L'usage des sanctions peut aller encore plus loin : on l'a vu avec l'Iran. Nous avions, avec Peugeot, 30 % du marché automobile iranien. M. Trump a décidé de dénoncer unilatéralement l'arrangement conclu entre les puissances occidentales et la République islamique d'Iran dans le domaine du nucléaire. Cet accord, qui reposait sur une forme de limitation de l'investissement iranien dans le nucléaire civil, avait été obtenu par M. Obama, et le gouvernement français y avait aussi consacré beaucoup d'efforts, ce dont je m'étais réjoui à l'époque. La dénonciation unilatérale de cet accord a eu pour conséquence de remettre en vigueur des sanctions internationales contre toutes les entreprises qui avaient eu l'idée de commercer avec l'Iran. Or il se trouve que Peugeot lui vendait 450 000 véhicules par an, assemblés sur place. Les sanctions ont conduit Peugeot à plier bagage et à laisser le champ libre aux entreprises américaines, qui ont commencé à exporter vers l'Iran. On voit bien comment les règles internationales sont utilisées de façon perverse, hypocrite, faussement vertueuse, au profit de la puissance.

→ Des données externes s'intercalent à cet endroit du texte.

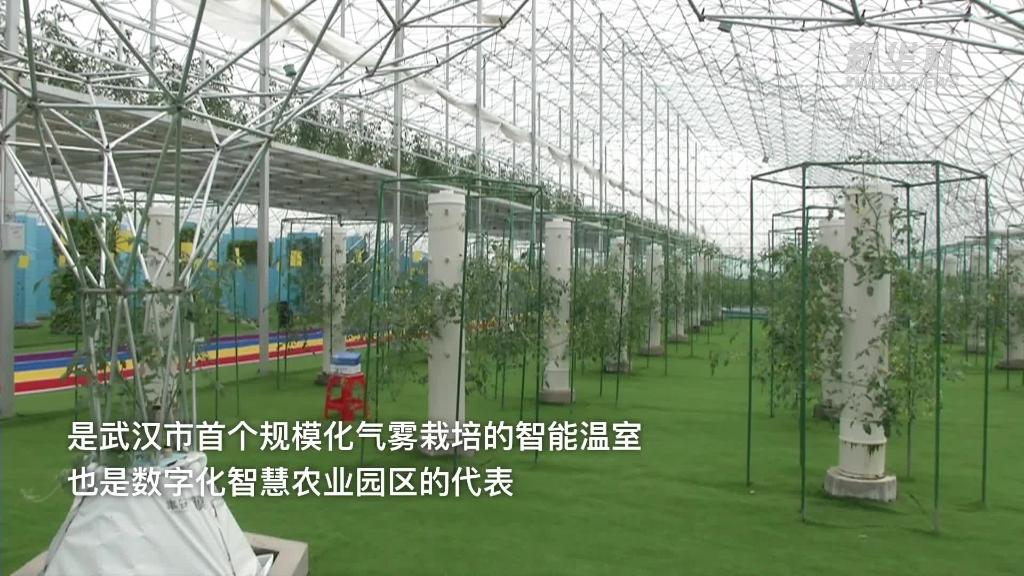 湖北武汉：“雾培”蔬菜上新 “电保姆”护航智慧农业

Attention : j'ai lu quelque part qu'un FCPA chinois était en cours d'élaboration. Nous allons donc nous retrouver avec d'autres lois extraterritoriales. Dans ces conditions, il ne nous reste plus qu'à adopter les nôtres, pour que tout cela s'annule.

Nous avons nous-mêmes péché par naïveté et faiblesse. Nous ne sommes pas équipés pour faire face aux intrusions permanentes et nous subissons une intensification des attaques contre nos intérêts. Branle-bas de combat, donc ! Voilà mon point de vue.